> **TASK GOAL**:
Beginning at the line that contains "Blog 3 Tooth Filling Cost in UAE" and finishing at the line that contains "Adult ileal intussusception", output the data below exactly. Include both end lines and no pictures.

> **PROVIDED DATA**:

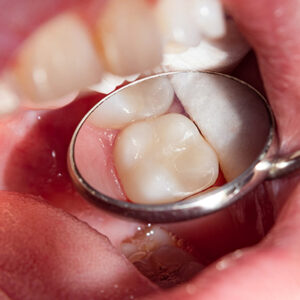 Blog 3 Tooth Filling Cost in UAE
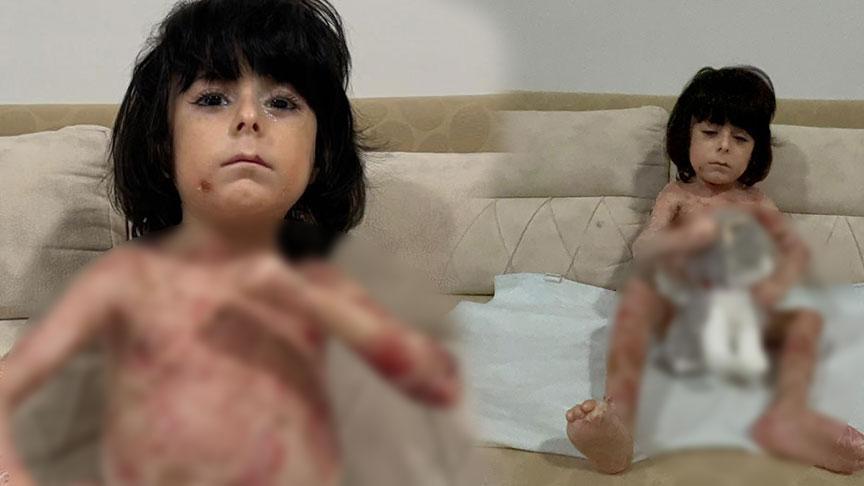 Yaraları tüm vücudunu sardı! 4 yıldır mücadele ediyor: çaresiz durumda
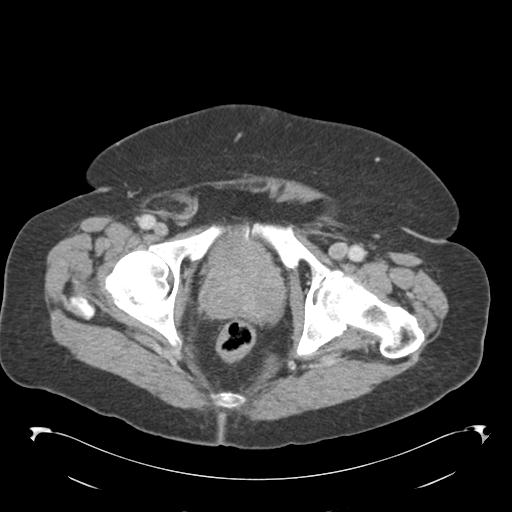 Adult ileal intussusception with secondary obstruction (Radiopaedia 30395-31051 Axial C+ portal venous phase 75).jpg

--

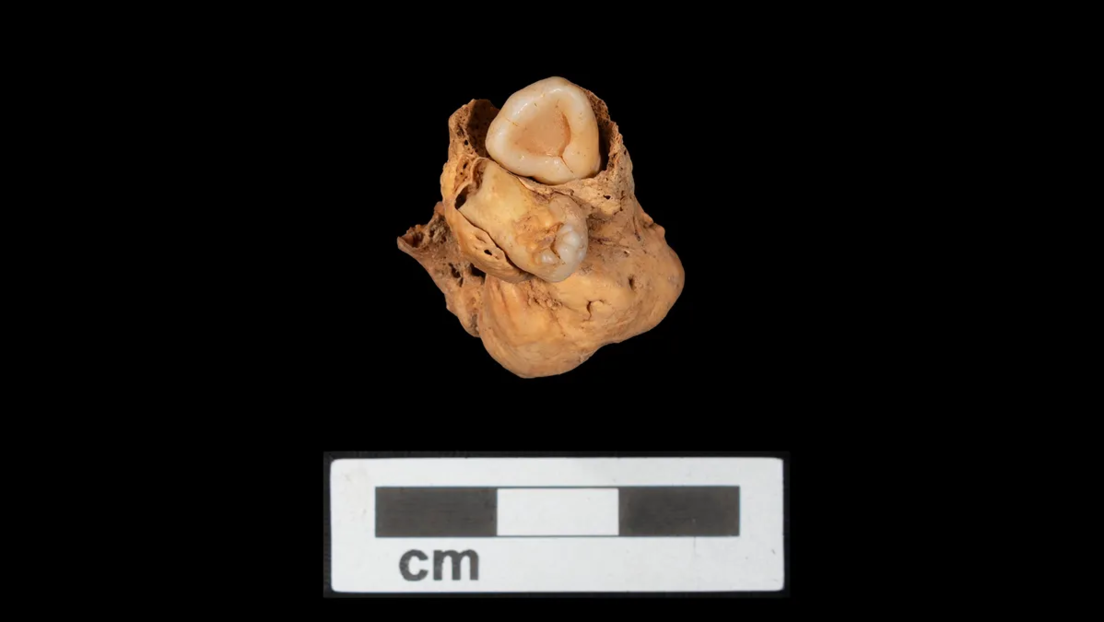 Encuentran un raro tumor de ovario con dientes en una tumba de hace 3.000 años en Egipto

> **WRITTEN SOLUTION**:
 Blog 3 Tooth Filling Cost in UAE
 Yaraları tüm vücudunu sardı! 4 yıldır mücadele ediyor: çaresiz durumda
 Adult ileal intussusception with secondary obstruction (Radiopaedia 30395-31051 Axial C+ portal venous phase 75).jpg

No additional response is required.